Bunların yanı sıra PKK tarihi kongresine işaret eden Temel, “Bu kongrenin etkileri, sonuçları, sarsıcı yanları Ortadoğu’daki birçok devlete olacaktır, bunu göreceğiz. Bazıları şöyle değerlendirmeler yapıyor: ‘Bu süreçte ne oldu, ne olacak, bir şey oldu mu, olmadı mı? Devlet ne aldı, devlet ne verdi?’ Bu tartışma bütün bu tablo değerlendirilirken, o kadar basit, teknik bir mesele olarak kalıyor ki! Önemsemeyelim demiyorum ama esasen Öcalan önderliğinin geliştirdiği perspektifin, inisiyatifin, iradenin, nasıl sarsıcı etkilerde bulunduğunu, değiştirip, dönüştürücü etkide olduğunu gördük. Nitekim dünya devletlerinin birçoğu da 27 Şubat çağrısı sonrası, ‘Yeni bir pozisyon gereklidir’ deyip, Kürdistan sorununa dair çözüm perspektifini açıkladı” diye belirtti.
GÖRÜŞMELERDE NELER TARTIŞILIYOR?
Çağrı sonrası siyasi parti ve sivil toplum örgütü temsilcileriyle yaptıkları görüşmelere dair aktarımlarda bulunan Temel, görüşmelerin önemli olduğunu vurgulayarak, “Bu sürecin şeffaf, açık ve toplumsal kesimlerin tümünün katılımı açısından güçlü geçmesi için, bilgi paylaşımı yapıyoruz. Ancak heyetimiz son ziyaretlerinde esasen meclisin devreye girmesi, rol oynaması, PKK’nin tarihi 12’nci kongresinde aldığı kararların toplumsal, hukuksal, siyasal boyutlarının oluşturulması için tartışmalar yürütüyor. Biz bu konuda kararlıyız. Eş Genel Başkanlarımız ve beraberindeki heyet hem payımıza düşen sorumlulukları yerine getirmek hem de bütün kesimlerle paylaşma görevini icra ediyor. Dolayısıyla biz bu turları önemsiyoruz. Yasal düzenlemeler, hukuki zemin oluşturulması, meclisin devreye girmesi, irade ve inisiyatif ele alması konusunu tartışıyoruz bu görüşmelerde” şeklinde konuştu.
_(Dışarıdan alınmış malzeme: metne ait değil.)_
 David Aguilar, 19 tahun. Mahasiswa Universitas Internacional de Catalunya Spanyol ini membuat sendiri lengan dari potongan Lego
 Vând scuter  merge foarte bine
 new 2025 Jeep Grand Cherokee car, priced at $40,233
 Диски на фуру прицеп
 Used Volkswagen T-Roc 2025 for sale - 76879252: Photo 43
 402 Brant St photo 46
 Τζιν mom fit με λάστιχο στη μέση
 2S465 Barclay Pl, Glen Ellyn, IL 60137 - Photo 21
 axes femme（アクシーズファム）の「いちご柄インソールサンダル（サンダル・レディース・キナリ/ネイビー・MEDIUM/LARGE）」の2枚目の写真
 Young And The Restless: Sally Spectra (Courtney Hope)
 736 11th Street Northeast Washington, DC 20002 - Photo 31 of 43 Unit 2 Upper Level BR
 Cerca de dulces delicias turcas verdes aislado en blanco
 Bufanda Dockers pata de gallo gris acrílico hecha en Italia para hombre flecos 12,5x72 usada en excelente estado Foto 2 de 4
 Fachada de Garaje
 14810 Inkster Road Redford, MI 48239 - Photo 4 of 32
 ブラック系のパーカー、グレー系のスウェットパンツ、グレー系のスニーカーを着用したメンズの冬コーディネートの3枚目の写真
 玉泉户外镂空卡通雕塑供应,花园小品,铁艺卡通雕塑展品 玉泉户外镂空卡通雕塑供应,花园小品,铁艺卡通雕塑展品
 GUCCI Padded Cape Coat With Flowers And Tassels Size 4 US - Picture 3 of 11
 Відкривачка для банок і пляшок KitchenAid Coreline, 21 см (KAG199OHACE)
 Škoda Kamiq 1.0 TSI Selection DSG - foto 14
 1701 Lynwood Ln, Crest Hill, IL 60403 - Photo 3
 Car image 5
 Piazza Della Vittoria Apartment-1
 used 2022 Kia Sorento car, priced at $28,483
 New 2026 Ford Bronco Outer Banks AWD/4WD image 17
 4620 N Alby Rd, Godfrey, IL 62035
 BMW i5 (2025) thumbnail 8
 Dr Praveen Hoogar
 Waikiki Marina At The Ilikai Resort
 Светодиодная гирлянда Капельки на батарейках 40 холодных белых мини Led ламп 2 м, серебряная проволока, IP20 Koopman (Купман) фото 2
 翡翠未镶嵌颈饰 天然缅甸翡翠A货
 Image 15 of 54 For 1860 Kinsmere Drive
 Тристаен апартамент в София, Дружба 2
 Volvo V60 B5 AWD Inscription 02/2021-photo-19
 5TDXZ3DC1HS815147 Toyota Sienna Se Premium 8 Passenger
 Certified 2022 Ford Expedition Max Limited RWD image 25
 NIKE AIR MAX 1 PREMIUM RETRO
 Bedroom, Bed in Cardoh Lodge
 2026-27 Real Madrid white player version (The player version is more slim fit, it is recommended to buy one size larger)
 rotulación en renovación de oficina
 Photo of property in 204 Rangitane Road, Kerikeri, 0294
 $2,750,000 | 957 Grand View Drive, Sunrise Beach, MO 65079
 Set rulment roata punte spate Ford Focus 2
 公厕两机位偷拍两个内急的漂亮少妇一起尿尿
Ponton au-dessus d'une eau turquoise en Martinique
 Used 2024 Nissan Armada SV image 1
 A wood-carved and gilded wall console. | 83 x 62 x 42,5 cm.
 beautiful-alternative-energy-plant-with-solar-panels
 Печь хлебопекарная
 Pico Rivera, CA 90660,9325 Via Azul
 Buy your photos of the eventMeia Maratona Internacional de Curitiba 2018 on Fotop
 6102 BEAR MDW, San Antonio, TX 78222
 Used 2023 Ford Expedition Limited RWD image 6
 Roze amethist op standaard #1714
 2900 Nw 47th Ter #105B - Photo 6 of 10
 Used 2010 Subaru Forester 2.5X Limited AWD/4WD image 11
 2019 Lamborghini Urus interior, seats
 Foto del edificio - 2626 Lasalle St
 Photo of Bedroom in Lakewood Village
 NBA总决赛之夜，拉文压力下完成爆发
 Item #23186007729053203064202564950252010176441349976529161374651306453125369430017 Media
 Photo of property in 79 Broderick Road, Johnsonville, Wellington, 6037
‘GENEL ATMOSFER ÇÖZÜMDEN YANA’
Yaptıkları görüşmelerdeki yaklaşımlara dair de aktarımlarda bulunan Temel, konuşmasına şöyle devam etti: “Bu görüşmelerle herkes aynı düşünüyor diye bir durumun olmadığını da tespit ediyoruz. Hava olumlu, pozitif, geliştirilen inisiyatif, alınan kararlar ve gerçekleştirilen kongreye dair hiç kimse olumsuz bir değerlendirme içerisinde değil. Ancak iktidarın tutumundan şüpheler ve kaygılar var. Süreci anlamama, kavramama konusunda sorunlar var. Dışarıdan yetersiz ele alışlar, yanlış okumalar üzerinden eksik tanımlamalar var. Bunların tümünün tartışmayla, karşılıklı paylaşımlarla… Sayın Öcalan’ın fikirlerini doğrudan ileterek, esasen Sayın Öcalan ne düşünüyor, bunu tartışıyoruz. Dolayısıyla görüşmeler oldukça olumlu. Ancak Türkiye’de gladyoya bağlı kimi güçler var. Norm dışı, devlet diye tanımlanan güçlerin aslında siyasal sözcüleri küçük bir eğilimdir, o eğilim dışında Türkiye’de genel olarak atmosfer çözümden, diyalogdan ve esasen yeni bir dönemin başlamasından yanadır.”
MEDYANIN DİLİ
Medya üzerinde yapılan provokasyonlara dair konuşan Temel, “Sayın Öcalan, ‘Kürtlere dair, Kürtlerin insan olmaktan doğan haklarına dair ne zaman bir olumlu hava oluşur ve bir irade gelişir ise, bunlar kıyameti koparıyor. Bunlar gerçek bölücüler. Bunlar Türkiye’de toplumunun buluşması, birleşmesi ve demokratik bir zeminde yan yana gelmesinin karşısında bölücülük yapan güçlerdir’ diyor. Dolayısıyla medyanın dili, yayınları gerçekten Sayın Öcalan’ın da çok yoğun eleştirdiği bir dildir. Bu dili, bir ‘cehalet, eğer cehalet değilse sabotaj’ olarak değerlendiriyor. Hatta kendisi bazı gazetecileri çağırıp, tartışıp objektif olarak Türkiye halklarına… ‘Eğer bu süreci ve bu dönemki görüşlerimi taşıyacaklarsa buyurun gelsinler bakalım hangi tezime karşı tez oluşturabilir bunlar? Oluşturamazlar’ diyor. Yani yeni dönemin bir Mehmet Ali Brand profili lazım bize. ‘Türkiye halkalarına cesurca gerçekleri aktaracak, anlatacak, paylaşacak bir medya gücü, gerçek gazeteci lazım’ diyor. Sayın Öcalan’ın bu konuda heyetimizle paylaştığı çok net bir tutumu var. ‘Bunlar gelsin, ben Türkiye halklarıma seslenirsem, halklarla iletişimi kurarsam hiçbiri bana karşı tezi ortaya koyabilecek hakikate sahip değil. Bunların hepsinin ucu gladyo güçlerine dayanan, onları sözcülüğünü yapan güçler’ diyor, bu şekilde tanımlıyor” ifadelerini kullandı.
DEM Parti olarak basın kurumlarıyla bir aramaya gelme gibi düşünceleri olduğunu sözlerine ekleyen Tayyip Temel, “Bu dilin terk edilmesi, çözüm, kardeşlik dilinin ve nitekim karşıtlık dilinin değil, pozitif dilin öne çıkmasına dönük bir çalışmamız var” dedi.